Р.Связать некий фантасмагорический Восток и блиста­ющий наготой своих граней Париж перепиской, в кото­рой смешались сераль и салоны, интриги султанов и прихоти танцовщиц, гебры, папа, муфтии, толки в ко­фейнях, гаремные грезы, воображаемые конституции и политические наблюдения, значило явить картину ума во всей его живости, когда у него лишь один закон: сверкать, отдаваться все новым метаморфозам и демон­стрировать самому себе свою беспромашность, свое про­ворство и свою мощь. Это – сказка, это – комедия, это почти что драма, – и уже льется кровь; но льется она весьма далеко, и даже неистовства, даже тайные казни остаются здесь литературными в меру желаемого.
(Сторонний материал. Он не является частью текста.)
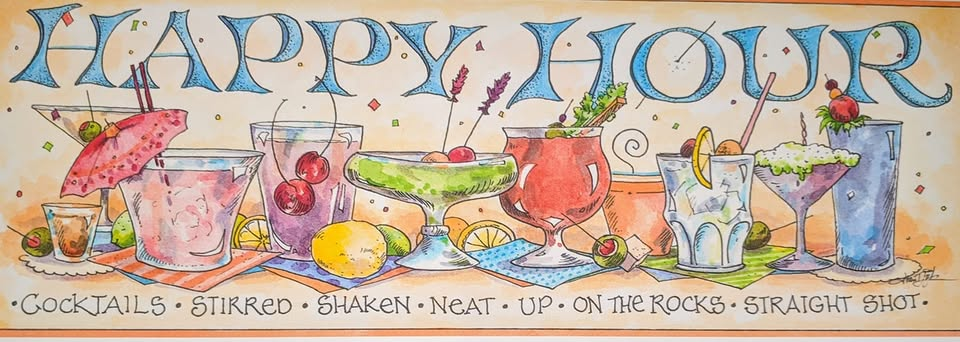 Nevada County LGBTQ+ Happy Hour  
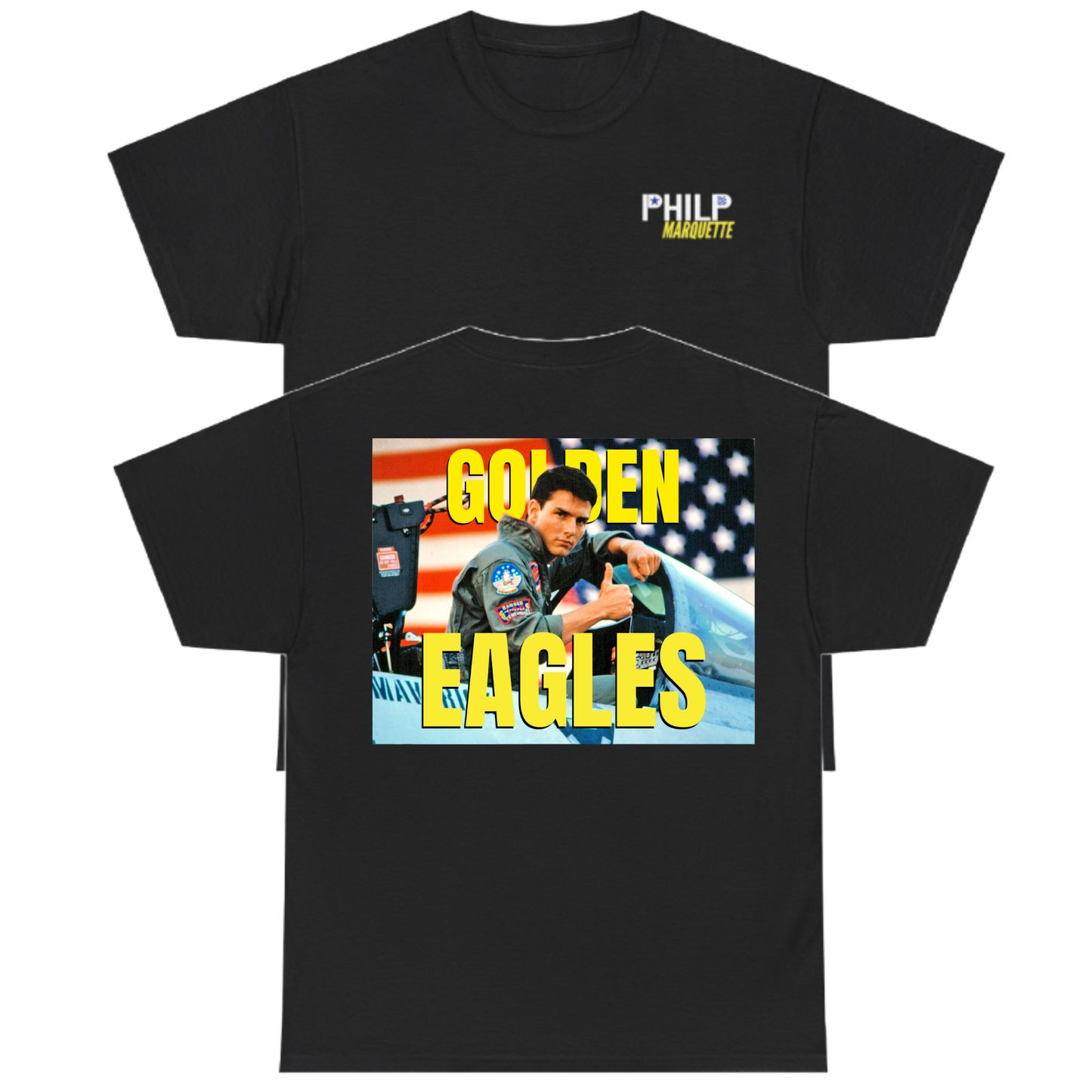 Golden Eagles Maverick Tee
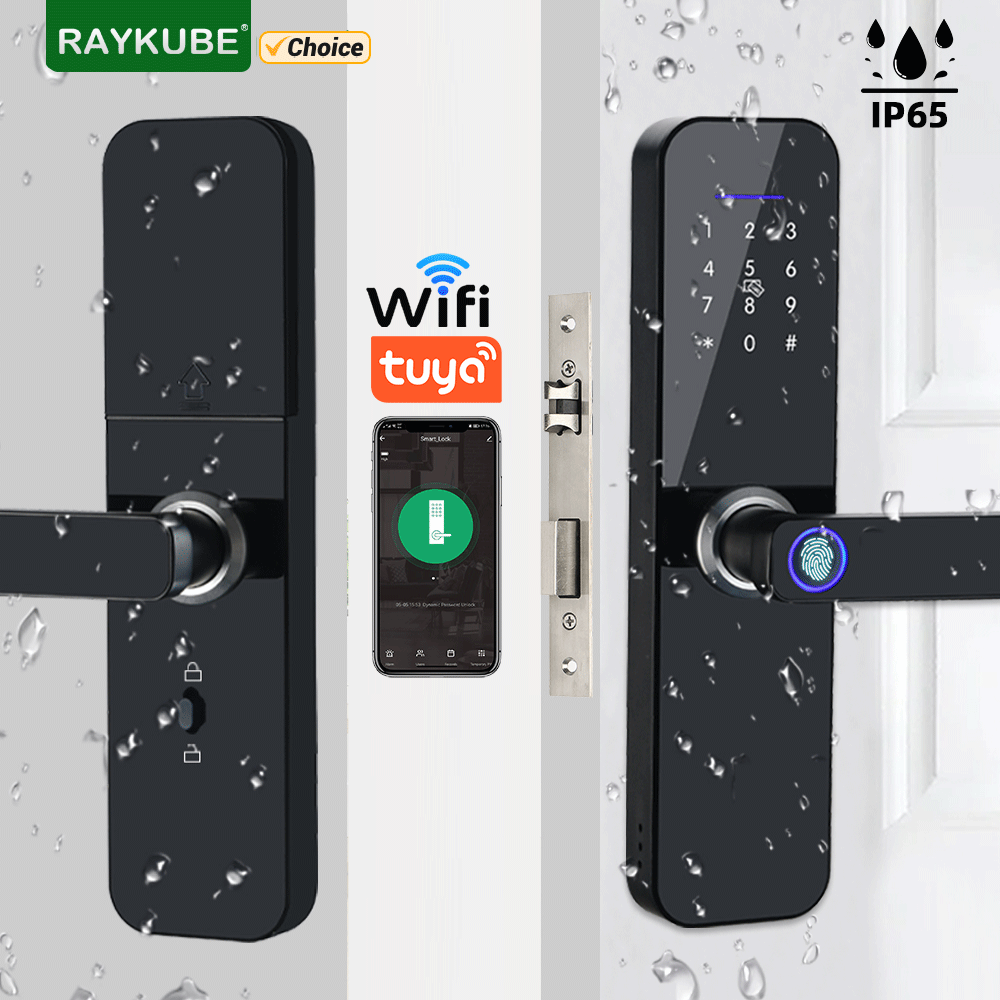 RAYKUBE F005 IP65 Waterproof T - Smart Home Ezviz recensie en prijs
С. бы в силу закона жанра появляются представители двух, в сущности, весьма различных пород человеческих: иезуи­ты и евнухи. Иезуитов объяснить нетрудно. Большинст­во почтенных авторов было обязано им превосходным воспитанием; и за все их ферулы, за духовную и рито­рическую муштру они воздавали своим наставникам из­девками и карикатурами.

Но кто объяснит мне всех этих евнухов? Я не сомне­ваюсь, что существует некая тайная и глубокая причи­на почти обязательного присутствия этих персонажей, столь мучительно отрешенных от массы вещей и, в из­вестном смысле, от самих себя.